Please copy the lines below, exactly as they are, from the one with "One Piece: Adventure" through the one with "DIY ocean Theme", and leave out the pictures.

=== EXCERPTED DATA ===

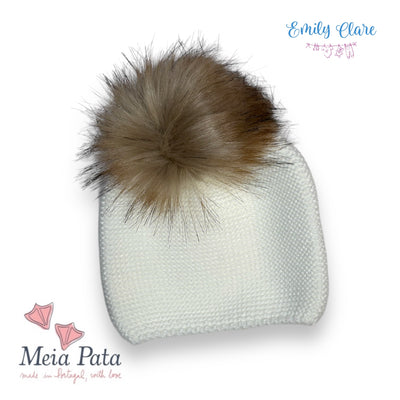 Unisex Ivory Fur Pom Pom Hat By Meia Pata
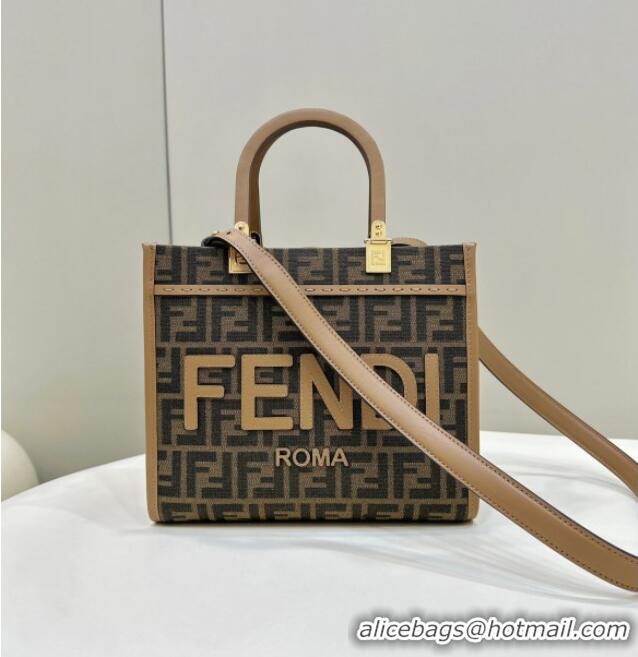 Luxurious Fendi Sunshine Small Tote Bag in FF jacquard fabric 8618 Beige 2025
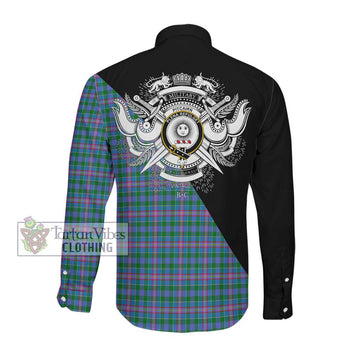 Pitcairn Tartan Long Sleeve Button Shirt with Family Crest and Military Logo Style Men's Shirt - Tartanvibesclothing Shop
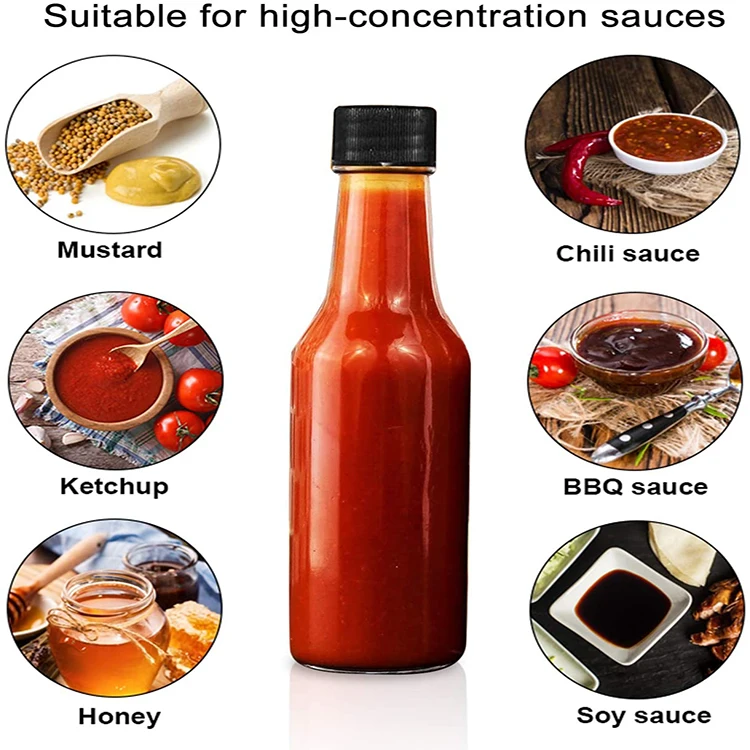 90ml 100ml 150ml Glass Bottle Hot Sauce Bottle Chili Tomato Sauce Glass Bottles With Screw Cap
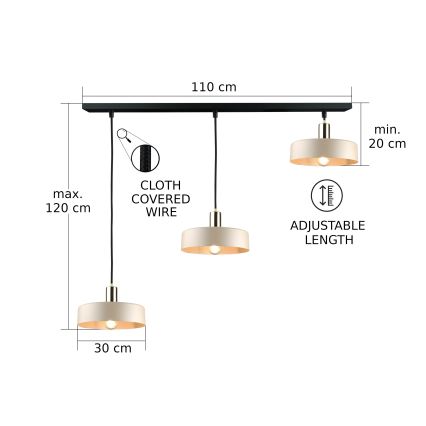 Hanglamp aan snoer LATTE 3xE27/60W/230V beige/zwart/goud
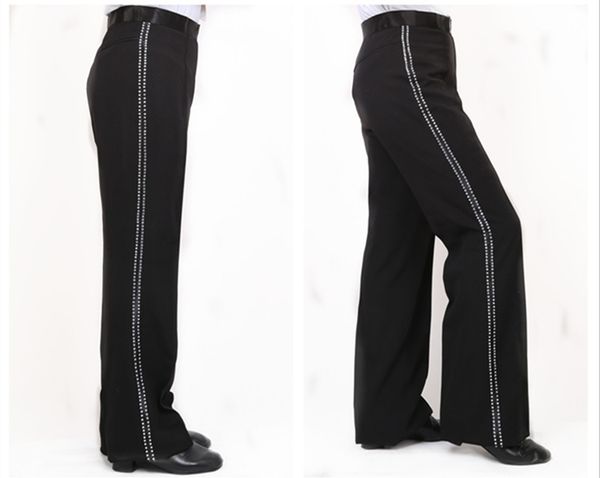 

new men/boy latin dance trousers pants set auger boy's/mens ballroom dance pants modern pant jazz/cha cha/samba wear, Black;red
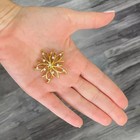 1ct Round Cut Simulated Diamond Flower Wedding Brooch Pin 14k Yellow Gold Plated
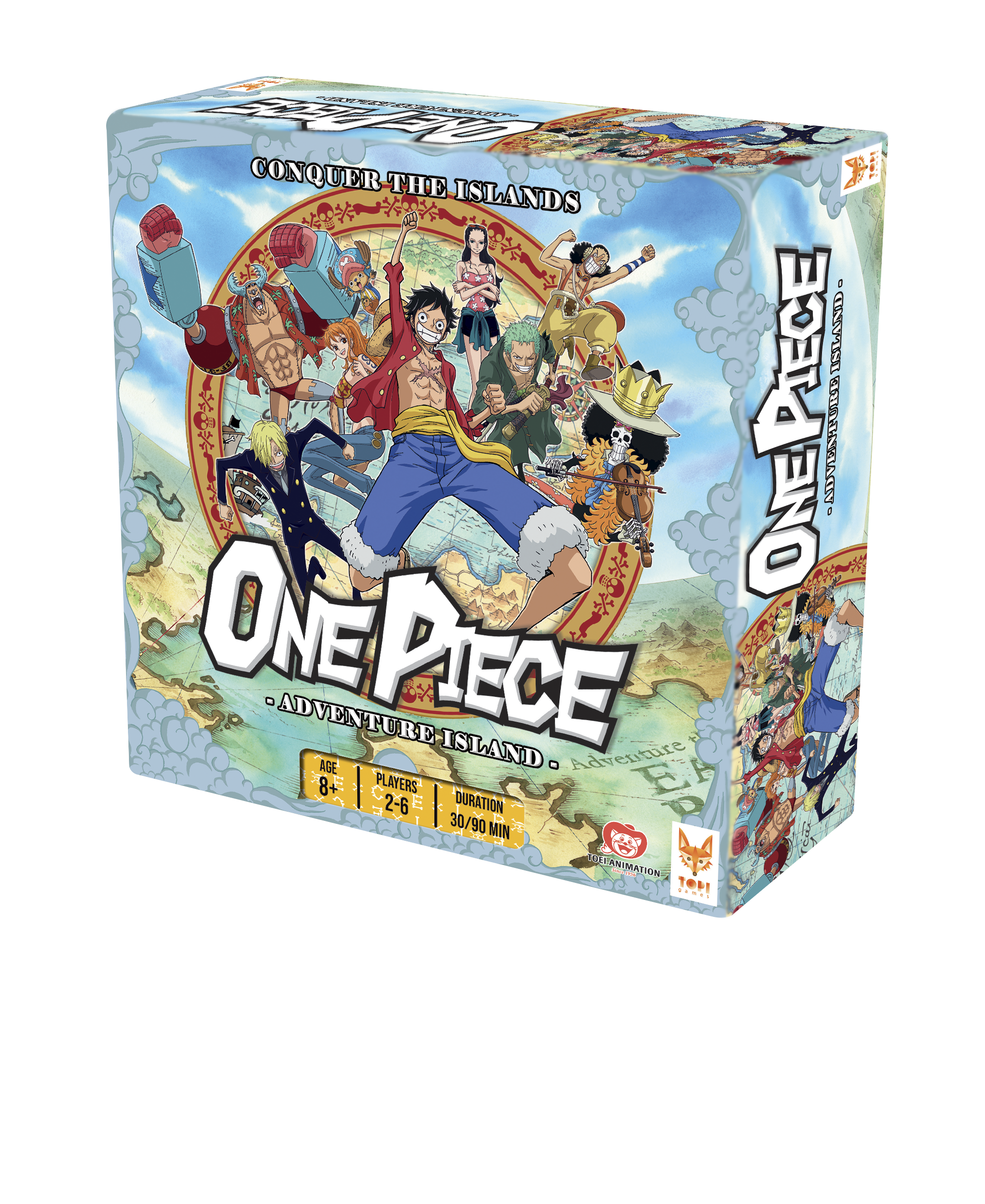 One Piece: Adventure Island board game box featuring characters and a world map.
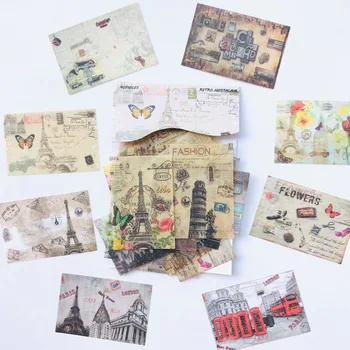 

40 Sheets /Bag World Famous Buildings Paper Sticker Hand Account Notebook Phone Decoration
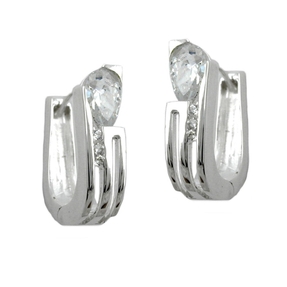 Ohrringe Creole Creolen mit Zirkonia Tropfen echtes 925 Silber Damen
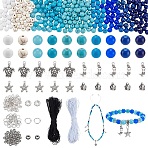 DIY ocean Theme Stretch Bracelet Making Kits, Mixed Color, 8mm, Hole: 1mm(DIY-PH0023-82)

===
=== EXCERPTED DATA ===

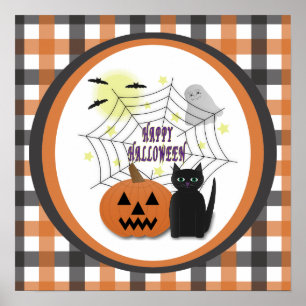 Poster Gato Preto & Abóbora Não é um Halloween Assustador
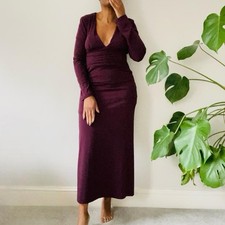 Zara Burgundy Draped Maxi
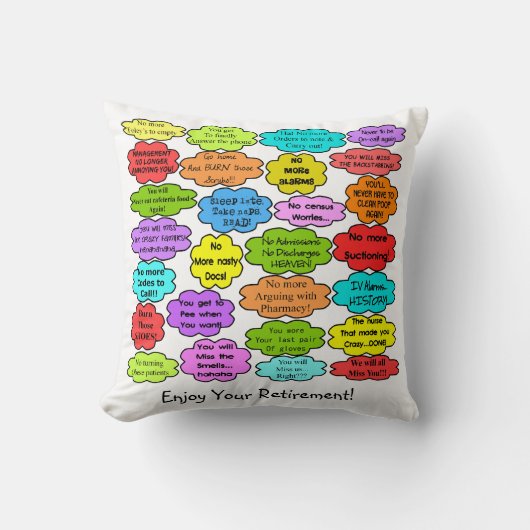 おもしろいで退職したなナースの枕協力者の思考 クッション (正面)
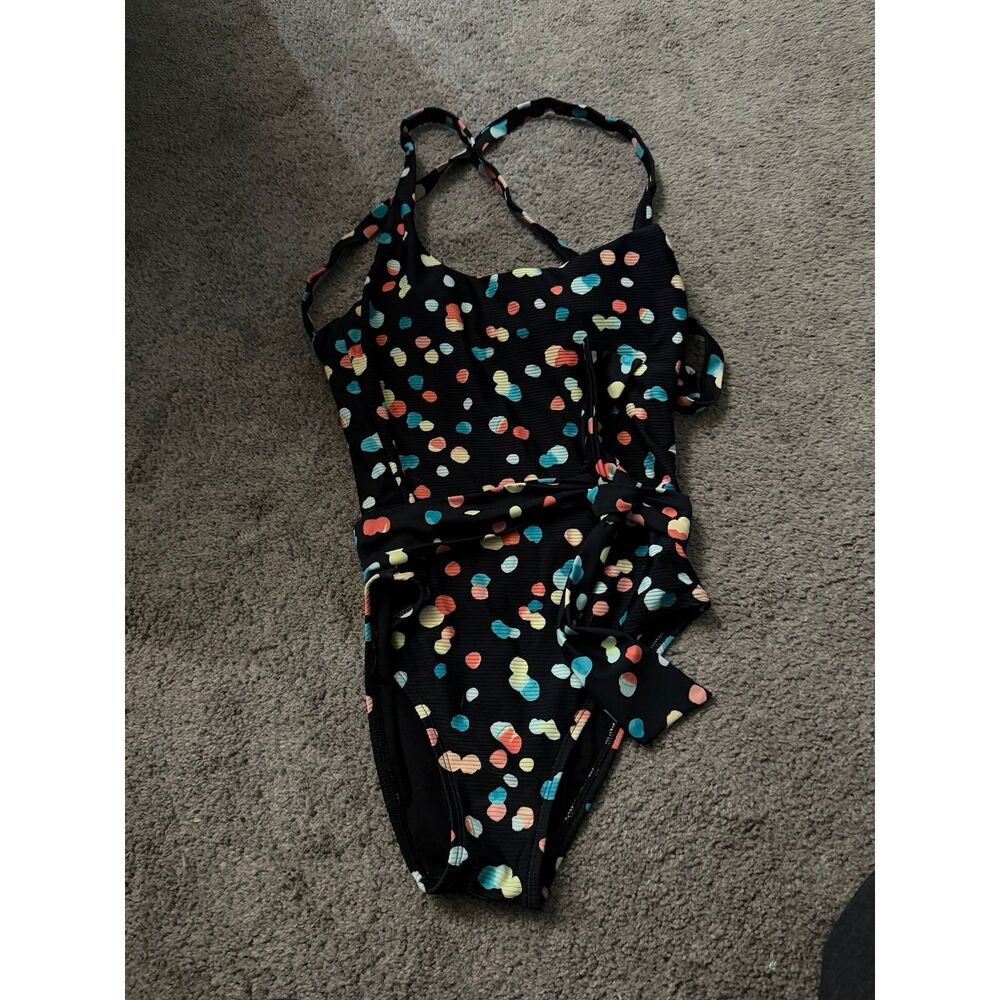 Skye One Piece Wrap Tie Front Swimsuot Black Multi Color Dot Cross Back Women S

===

[WORKED SOLUTION]
 One Piece: Adventure Island board game box featuring characters and a world map.

40 Sheets /Bag World Famous Buildings Paper Sticker Hand Account Notebook Phone Decoration
 Ohrringe Creole Creolen mit Zirkonia Tropfen echtes 925 Silber Damen
 DIY ocean Theme Stretch Bracelet Making Kits, Mixed Color, 8mm, Hole: 1mm(DIY-PH0023-82)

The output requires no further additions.